She had already done that but still she turned to face him and took huge breaths that lifted her breasts and she saw him glance down quickly and then take care to look her in the eyes.

‘How does that feel?’

‘I’m ok.’ She pulled her shirt on and when he held out her jacket she stepped forward and kissed him quickly on the cheek. ‘Come on; let’s get back to the road. We need a ride. I think we should drive up to Billings in Montana, and then continue up to Saskatchewan. We’ll need a good off-roader; we don’t want to use a border crossing point.’

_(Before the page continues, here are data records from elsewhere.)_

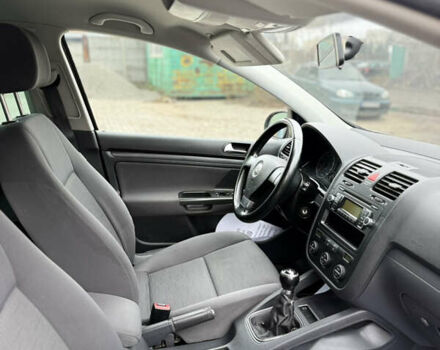 Черный Фольксваген Гольф, объемом двигателя 1.6 л и пробегом 185 тыс. км за 6999 $, фото 6 на Automoto.ua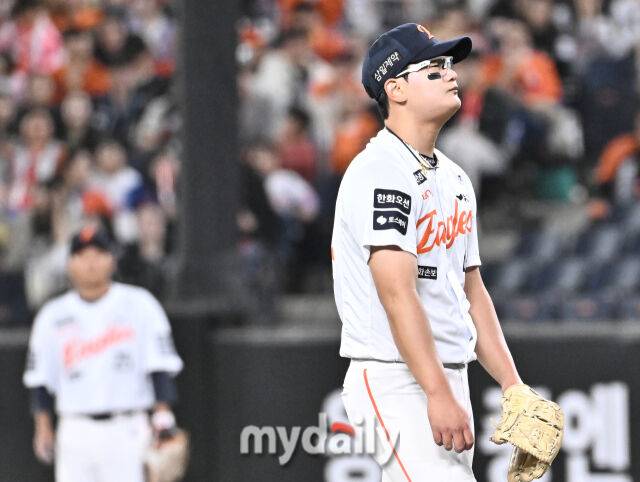 14일 오후 대전 한화생명볼파크에서 진행된 '2026 프로야구 KBO리그' 한화이글스와 삼성 라이온즈의 경기. 한화 김서현이 9회초 2사 만루서 이혜승에게 밀어내기 볼넷을 허용한 뒤 아쉬워 하고 있다./마이데일리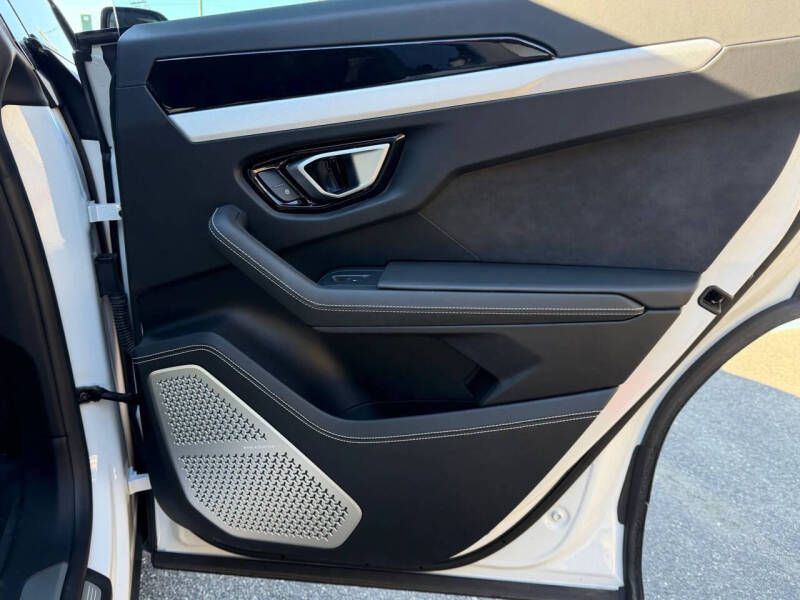 2020 Lamborghini Urus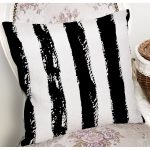 Beyaz Zeminli Siyah Renkli Çizgi Dijital Baskılı Modern Yastık Kırlent Kılıfı Realhomes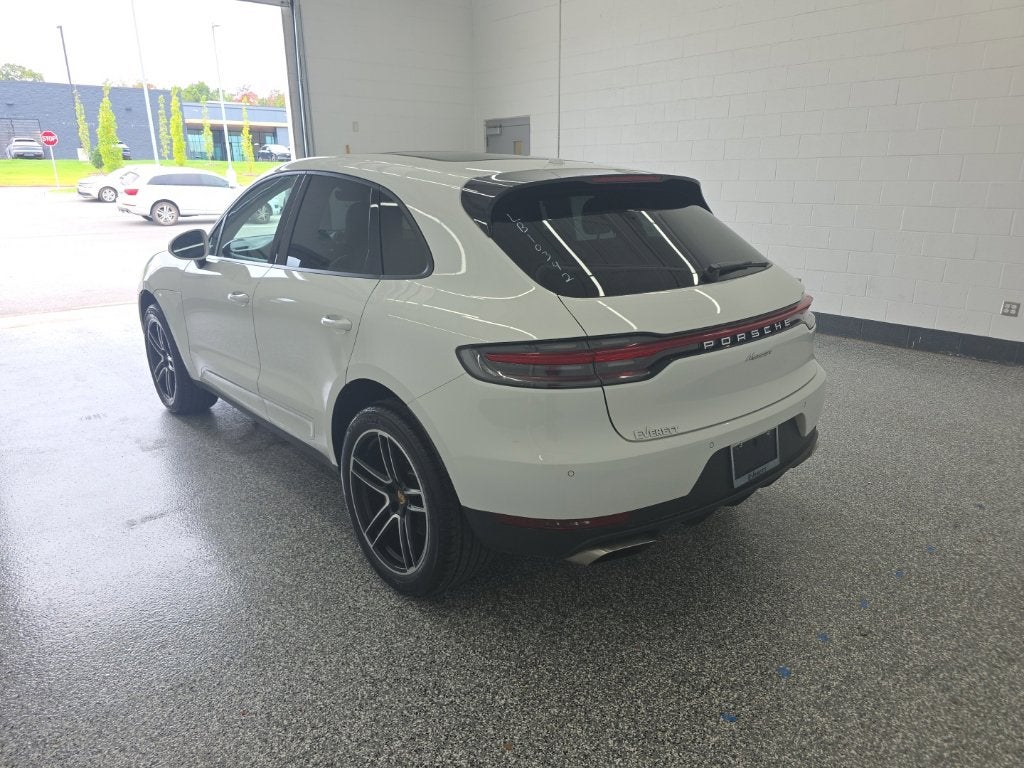 2021 Porsche Macan Base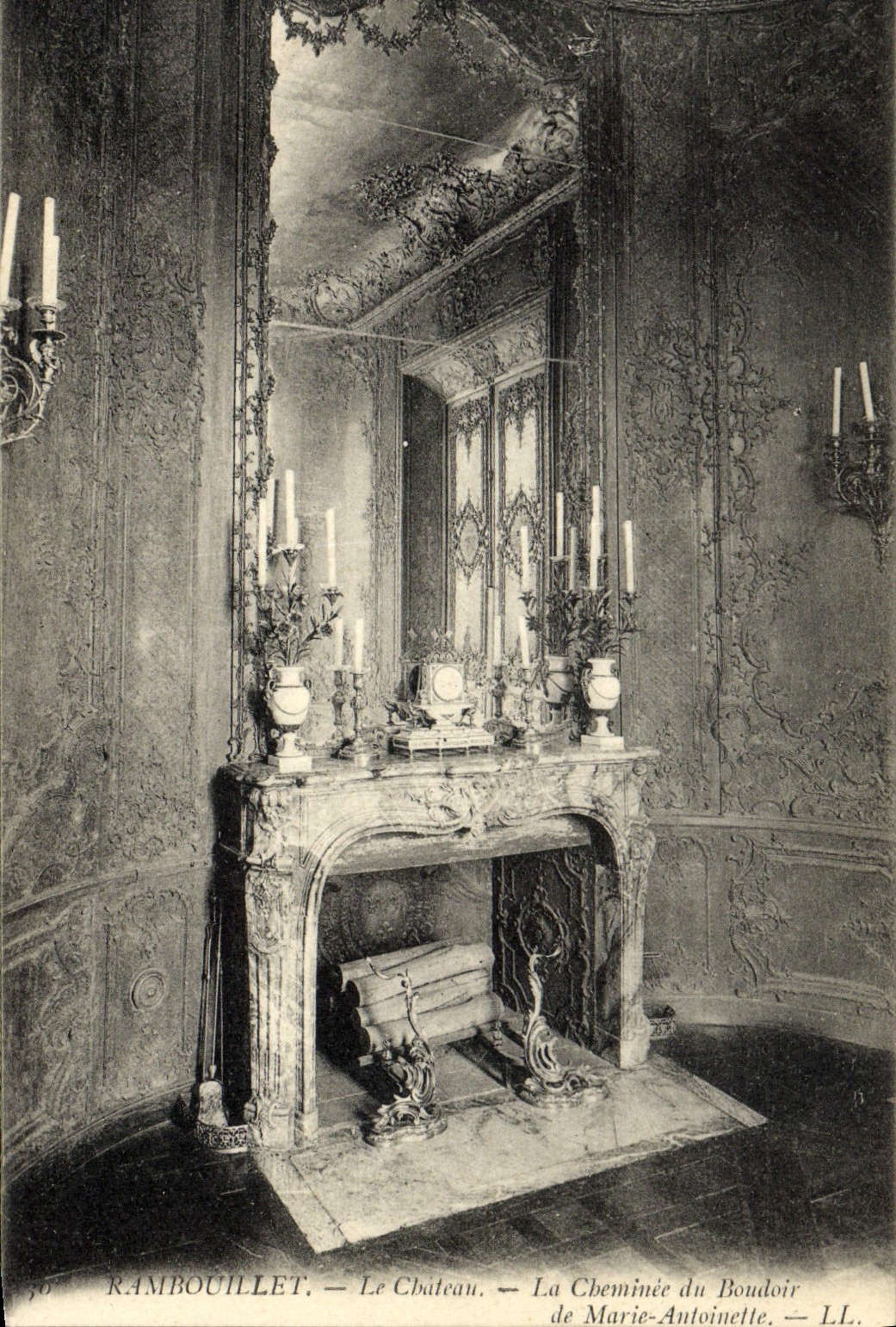 Ramboillet — Das Schloss — Der Kamin des Boudoirs von Marie-Antoinette — LL.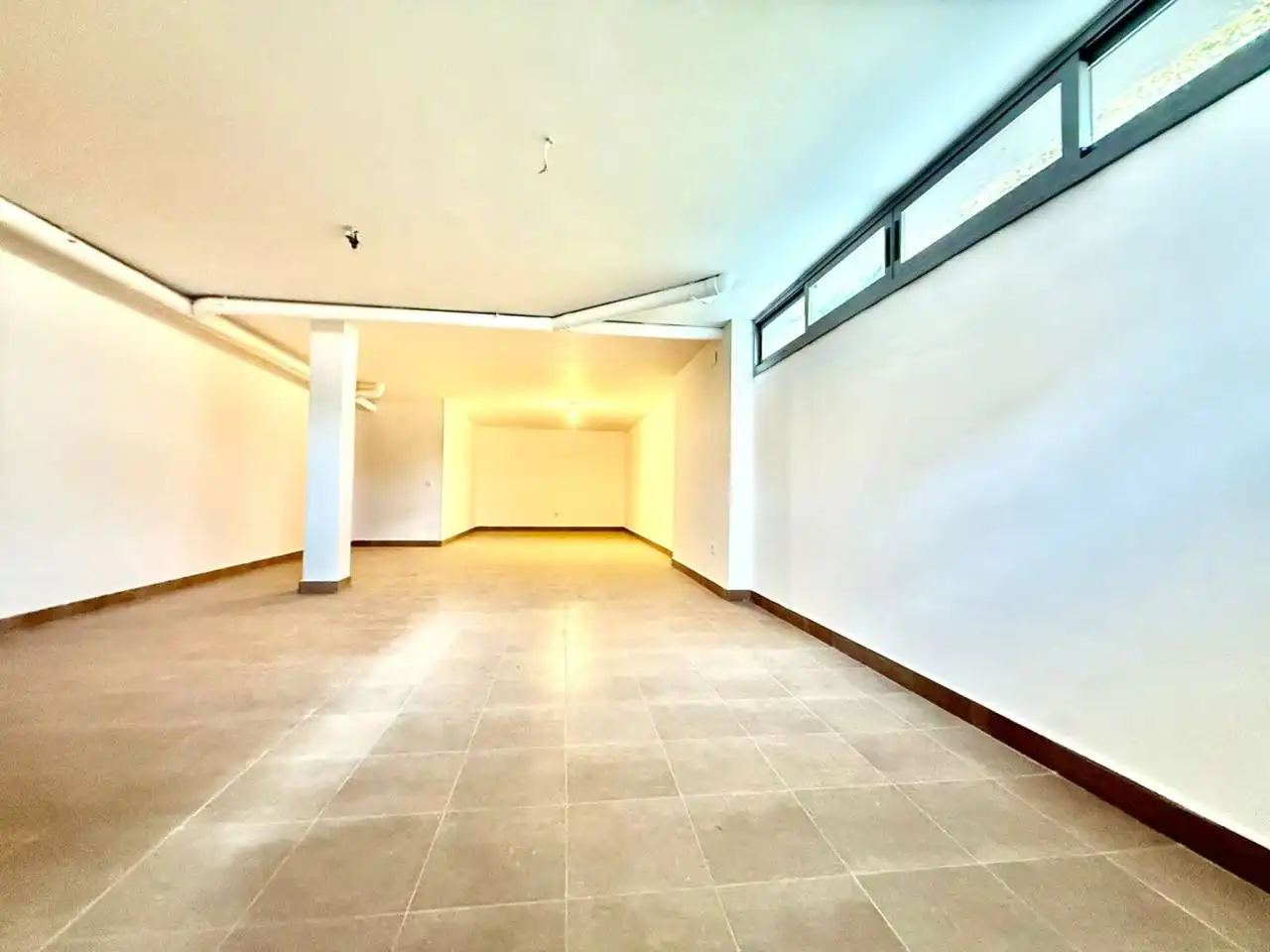 Casa adosada en venta en Bargas con Calefacción, Jardín privado y Alarma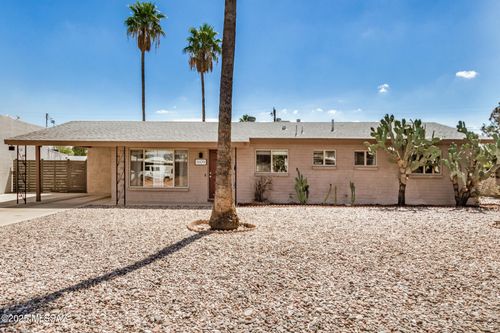 6701 E Scarlett St, Tucson, AZ, 85710-1039 | Card Image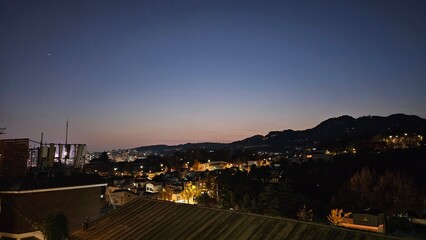 대한민국 서울 북촌 골목과 동네 야경 경관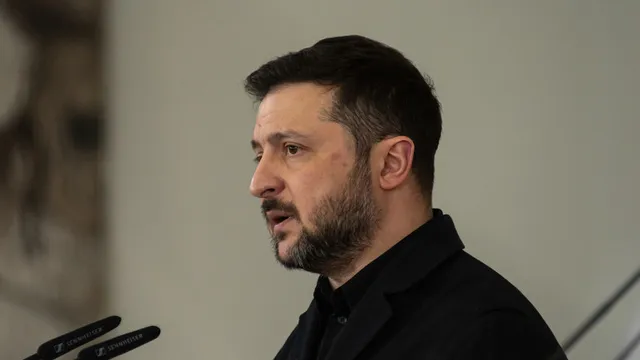 Nga đưa ra thời hạn 2 tháng để Ukraine rút quân hoàn toàn khỏi vùng Donbass - Ảnh 1.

Dan looked at her, somewhat resentful of her assumption of command. Suddenly she grinned at him. ‘It’ll be like old times,’ she said.

His mind swept back years to the two of them crossing the border into Fujairah. ‘Yuh, sounds like a plan,’ he smiled and shrugged. ‘Well I expect all the crossing points will be closed to us, so we’ve no choice.’ He paused. ‘But I guess my passport’s going to ring alarm bells even across the border, so how are we going to get a flight out of Canada?’

‘We’ll make contact with my boss Cornwall,’ Gerry replied. ‘He can send a UK passport for you by FedEx or something, and then we’ll get back to London. After that we’ll make our way to Baghdad and find this Gilgamesh document.’

‘Hell, Gerry, you’re making it sound easy,’ Dan protested.

‘It’s straightforward,’ Gerry replied, ‘but it might not be easy. First of all we need a car.’

 

‘My guess is that they’ll head north to the Canadian border sir,’ Neil Samms said to General Robert Bruckner.

‘Your guess?’ Bruckner sneered.

‘My analysis, sir. We found their motor bike abandoned in the woods. The front tyre split.’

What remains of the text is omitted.